Theresienwiese is an open space in the Munich borough of Ludwigsvorstadt-Isarvorstadt. It serves as the official ground of the Munich Oktoberfest. A space of , it is bordered in the west by the Ruhmeshalle and the Bavaria statue, symbolizing the State of Bavaria, and in the east by Esperantoplatz, a square named for the international language Esperanto. There, a memorial commemorates the victims of the 1980 Oktoberfest bombing. Bavariaring, an orbital road, provides access to visiting traffic.
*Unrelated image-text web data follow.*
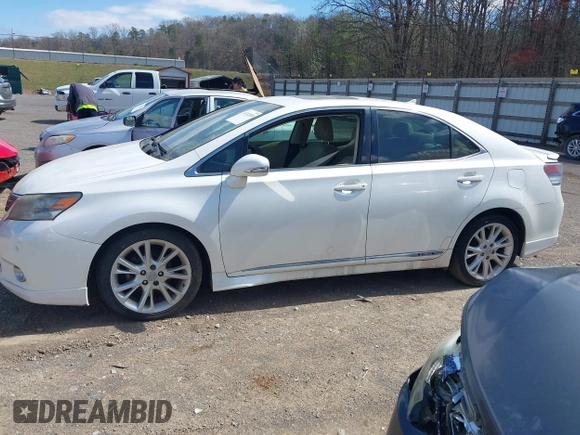 2010 Lexus HS 250h z VIN JTHBB1BAXA2019903, wystawiony jako IAAI lot #41712038 z przebiegiem 224 733 mil mil oraz . Historia ofert i sprzedaży dostępna na DreamBid. Obrazek 14.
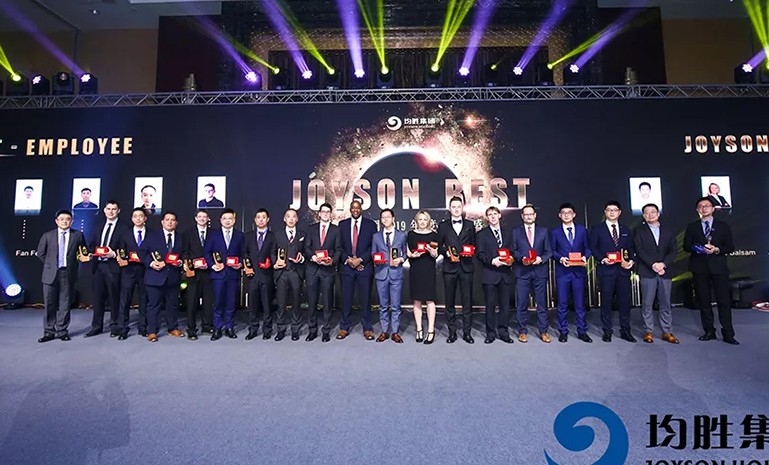 优异员工 官网.jpg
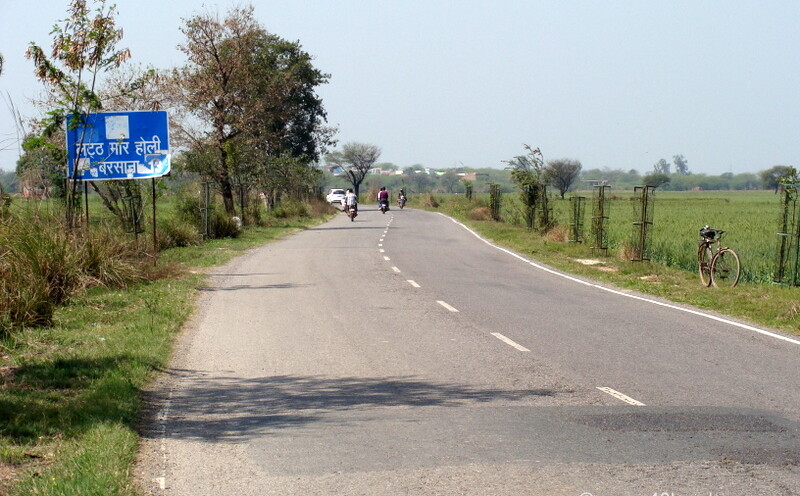 Road to Barsana (Uttar Pradesh, India) Famous for Lathmar Holi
In the north the towers of the Paulskirche are visible.

History 

The name of the site is derived from the name of Princess Therese of Saxe-Hildburghausen, the wife of Crown Prince Ludwig I. Their wedding took place on a meadow outside the city walls in 1810 ("Wiese" is German for "meadow."), which thereafter was called Theresienwiese. Since then, the Oktoberfest is celebrated every year to commemorate this event. In addition to the Oktoberfest, a spring festival and a winter festival ("Winter Tollwood") take place there as well. Every year in April, one of Germany's largest flea markets is also held there.

Location 

The site is located south west of the city centre.  It has its own station on the Munich U-Bahn system, on the U4 and U5 lines; the Poccistraße and Goetheplatz stations can be found near the southern end. The nearest Munich S-Bahn station is Hackerbrücke or München Hauptbahnhof (Munich central station).